The sample I had seemed strangely reluctant to be matched and seemed to take pleasure in its single glory as was revealed by the last cross matches. Blood, blood, and more blood but not a drop to spare! I thought I was onto something inexplicable and decided to take the matter to Dr. K for clarification when I was interrupted again, this time by no less a person than the surgery registrar himself who had decided to climb off his high horse to give me a piece of his mind. I tried explaining the situation the best I could and showed him all my slides. But when he had the gall to suggest that one of the slides appeared normal with fewer clumps and that I should release the bag, my nerves already frayed at the edges gave way. I do not want to repeat the words that I used in that little altercation in polite company, suffice to say that he departed rather shell shocked with the single ominous word `complaint` on his lips.
Wearily, I sat down to write my report.
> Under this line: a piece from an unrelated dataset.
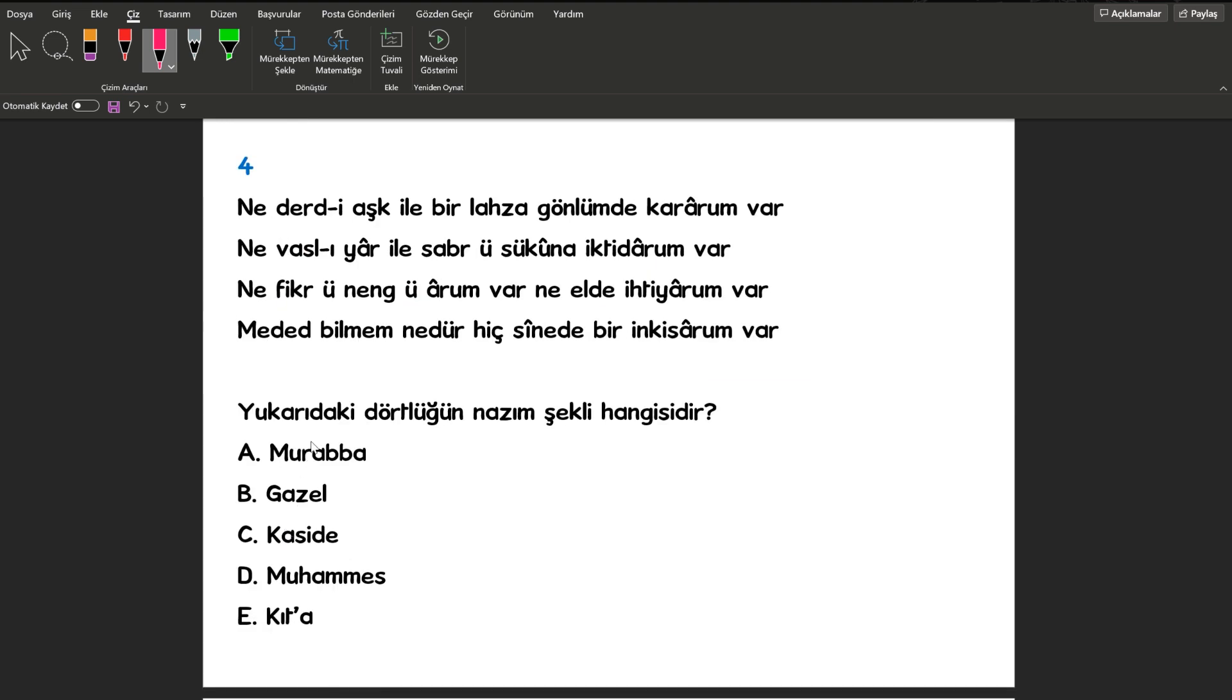Dördüncü sorumuza bakalım. Yukarıdaki dörtlüğün nazım şekli hangisidir? Şimdi dörtlük dedi ne yaptım? Gazeli, Kaside'yi eledim. Kıtayı da eledim. Bunlar beytlerden oluşuyor. Muhammesi de beşli. Eğeriye kaldı. Murabba.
I knew that it would have to be a detailed one as I would soon be summoned to explain my nightly doings. Sure enough, by mid- morning I had to report to the superintendent`s office with Drs. K and M peering at me beadily. Luckily my slides saved the day and they could do no more than peer even more beadily through the microscope before deciding that I had done well. Dr. Kohli thought that the sample required a more thorough study than was possible at the hospital and it was summarily dispatched to KEM .
A little while later, I was vindicated when the report from the KEM lab revealed that the patient had the Bombay blood group and required transfusion under specialist supervision and the saga came to a close.
That night taught me much beyond arcane academia. It taught me the importance of being meticulous no matter what the job for in our profession, a life did literally depend on it. It taught me the importance of standing up for what I thought was right despite receiving flak. But, most importantly it taught me respect for the people who worked behind closed doors, away from the spotlights of glamour and accolades making magic in their own quiet ways.